[Dataset records]
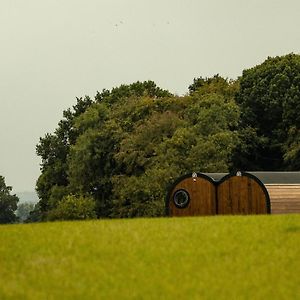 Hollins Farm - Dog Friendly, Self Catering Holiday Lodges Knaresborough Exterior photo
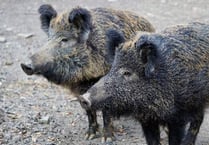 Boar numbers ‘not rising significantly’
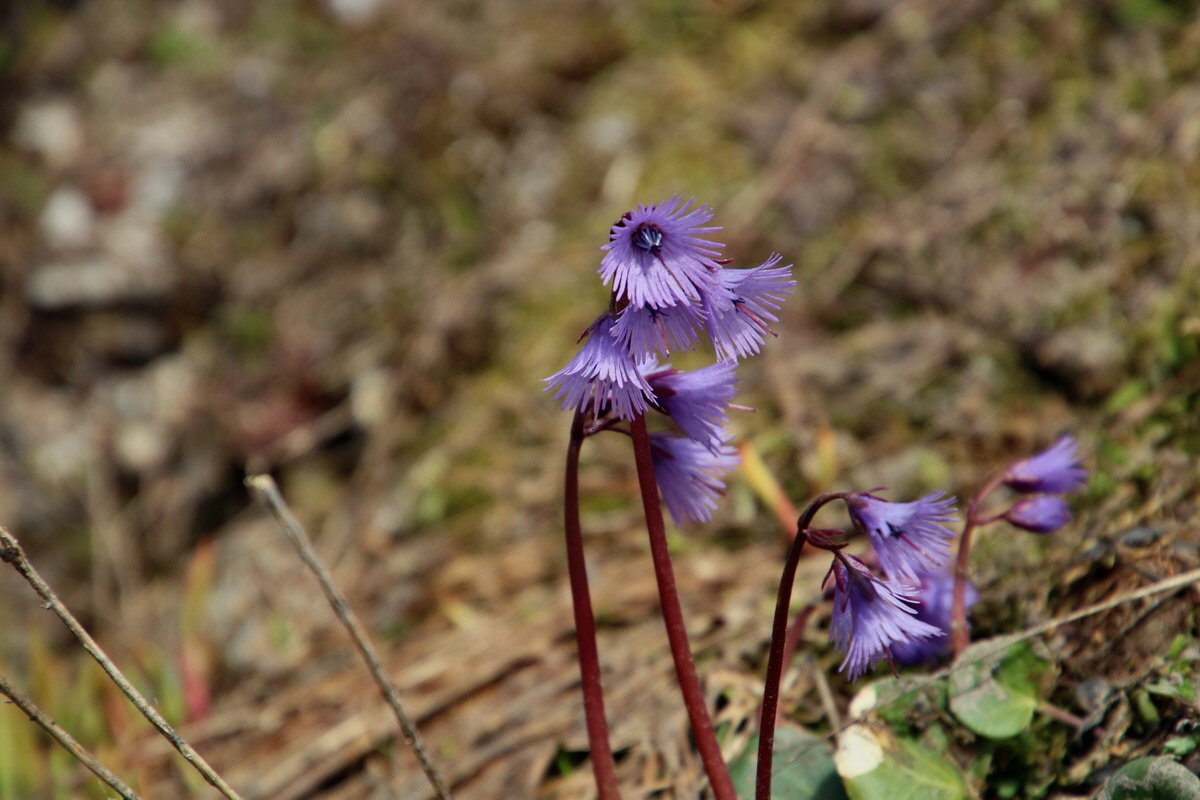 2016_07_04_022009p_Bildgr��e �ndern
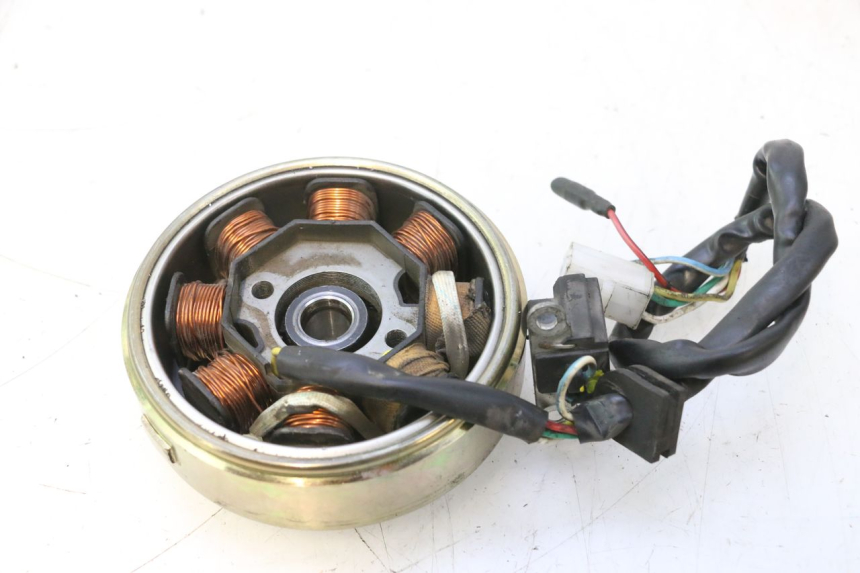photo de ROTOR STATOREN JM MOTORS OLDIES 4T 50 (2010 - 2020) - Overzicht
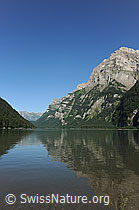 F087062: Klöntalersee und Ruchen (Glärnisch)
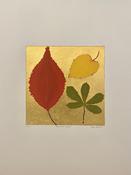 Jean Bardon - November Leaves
[/Dataset records]
[Dataset records]
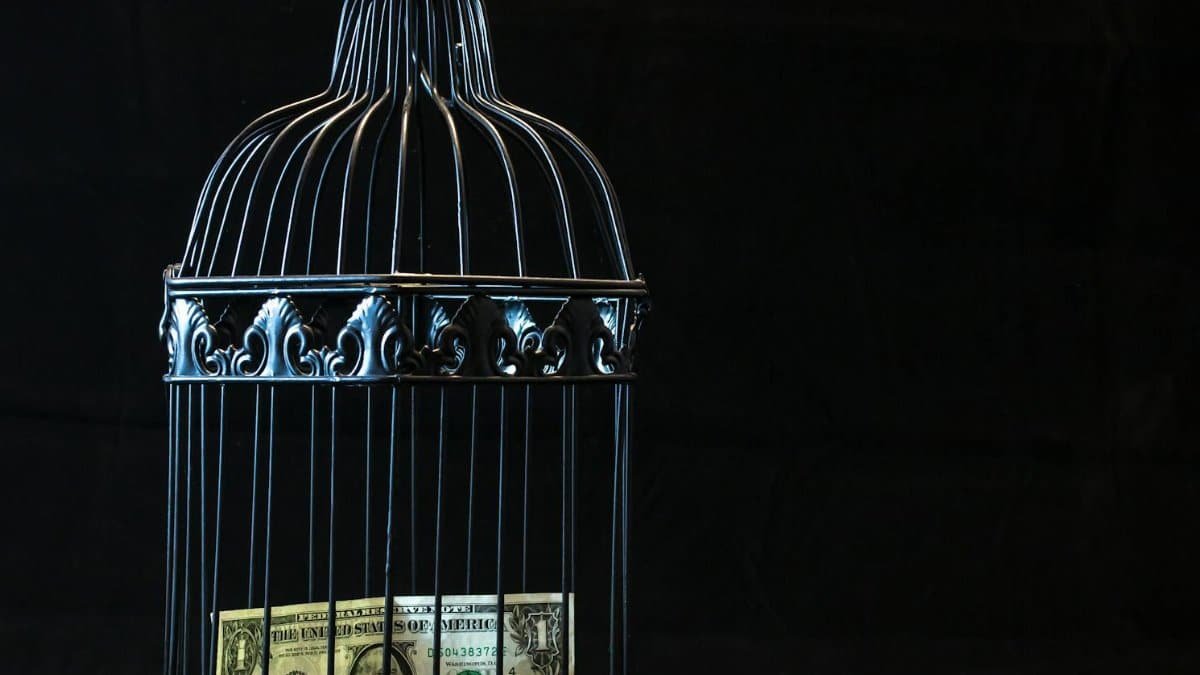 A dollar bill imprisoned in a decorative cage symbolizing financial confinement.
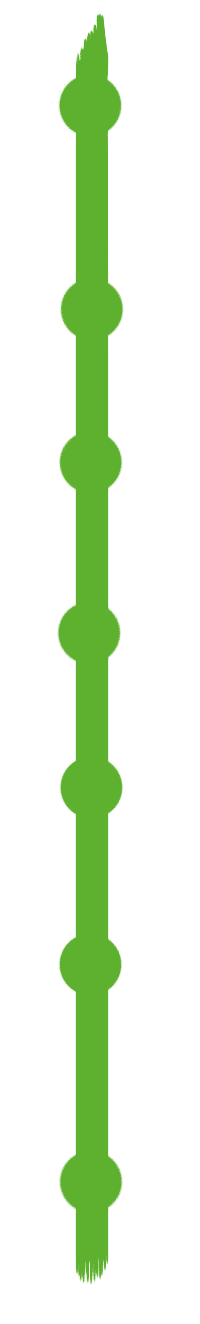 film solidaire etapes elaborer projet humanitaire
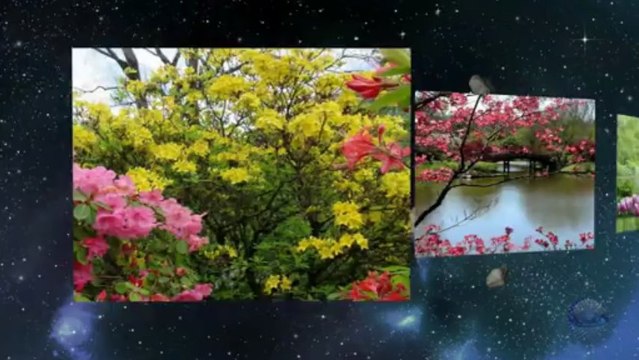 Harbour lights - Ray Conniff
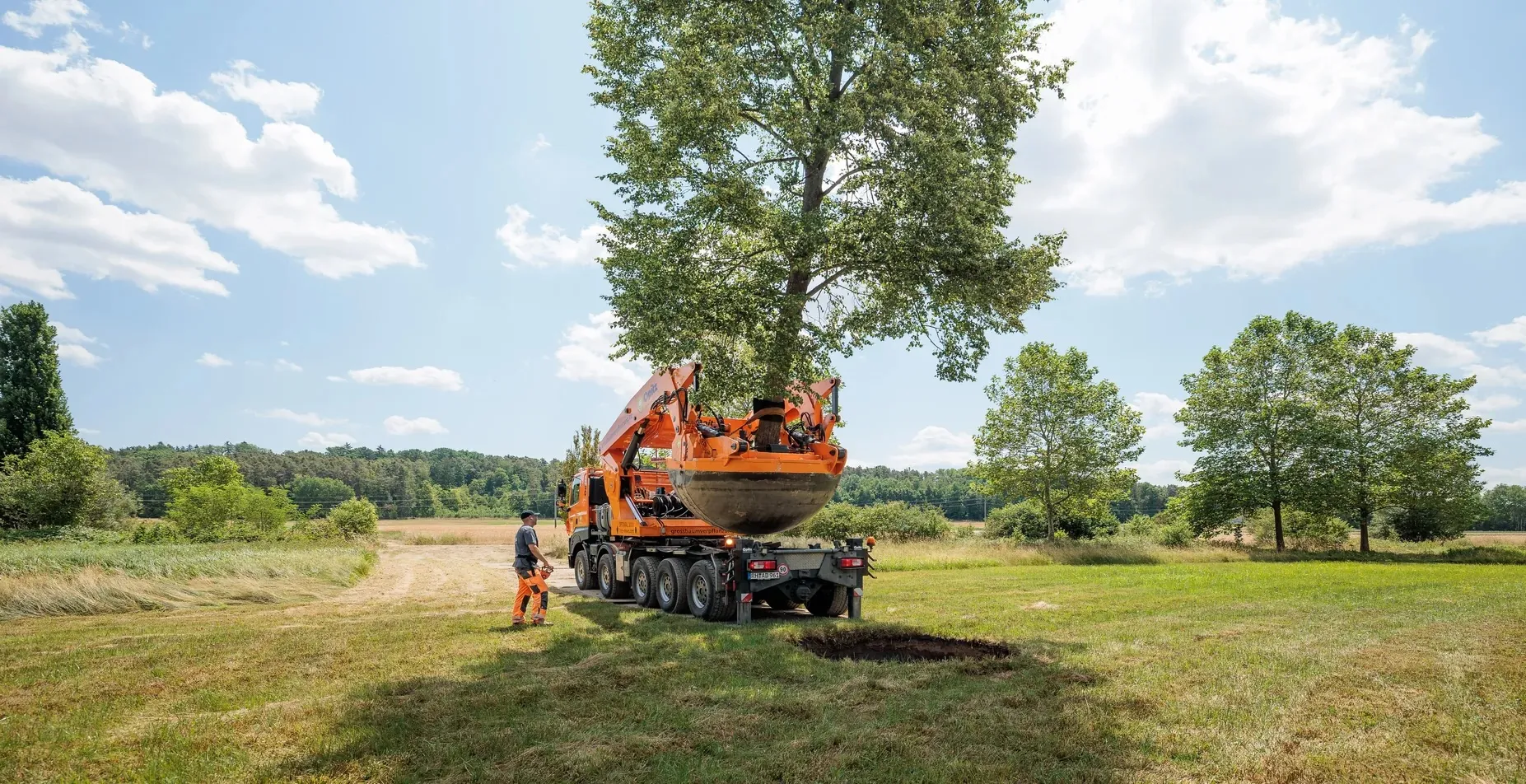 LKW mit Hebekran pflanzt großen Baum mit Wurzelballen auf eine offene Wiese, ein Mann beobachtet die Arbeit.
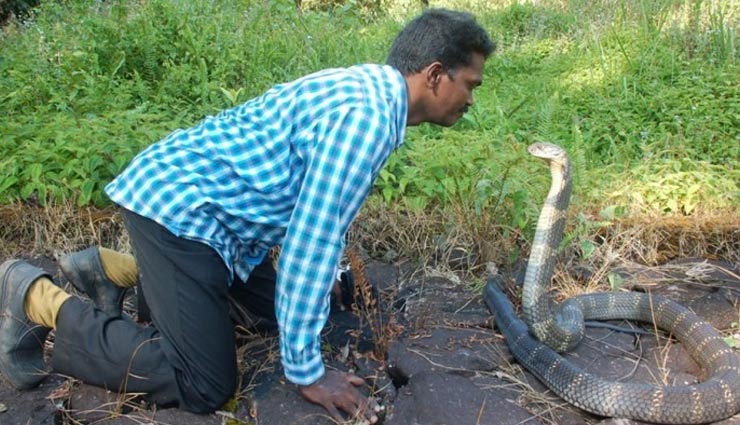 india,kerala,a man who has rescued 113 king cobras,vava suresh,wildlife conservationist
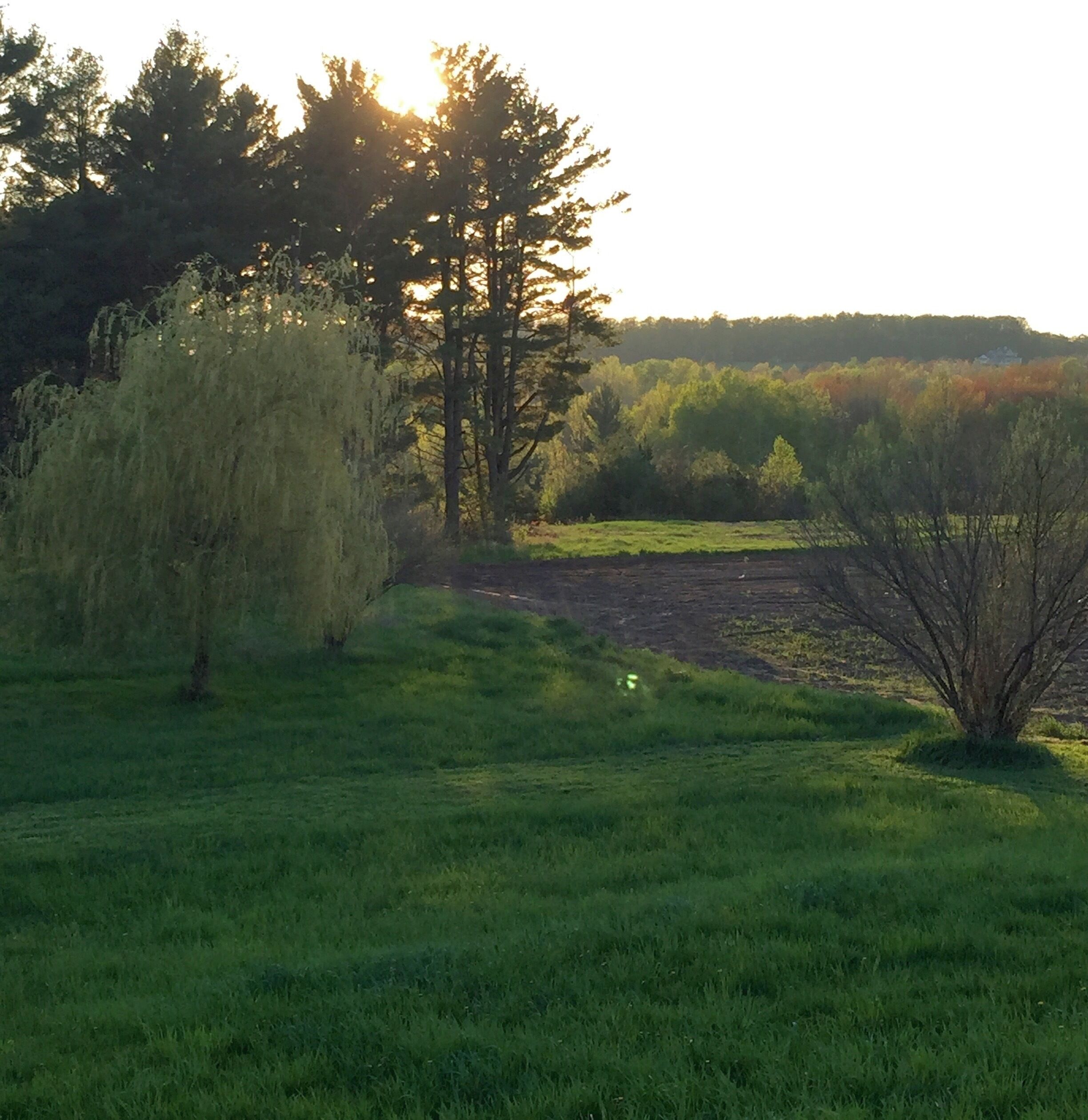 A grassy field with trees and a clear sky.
[/Dataset records]
Using the data above, print only the lines starting at the one with "Hollins Farm - Dog" and ending at the one with "Jean Bardon - November Leaves", exactly as they stand, minus the pictures.

Output:
 Hollins Farm - Dog Friendly, Self Catering Holiday Lodges Knaresborough Exterior photo
 Boar numbers ‘not rising significantly’
 2016_07_04_022009p_Bildgr��e �ndern
photo de ROTOR STATOREN JM MOTORS OLDIES 4T 50 (2010 - 2020) - Overzicht
 F087062: Klöntalersee und Ruchen (Glärnisch)
 Jean Bardon - November Leaves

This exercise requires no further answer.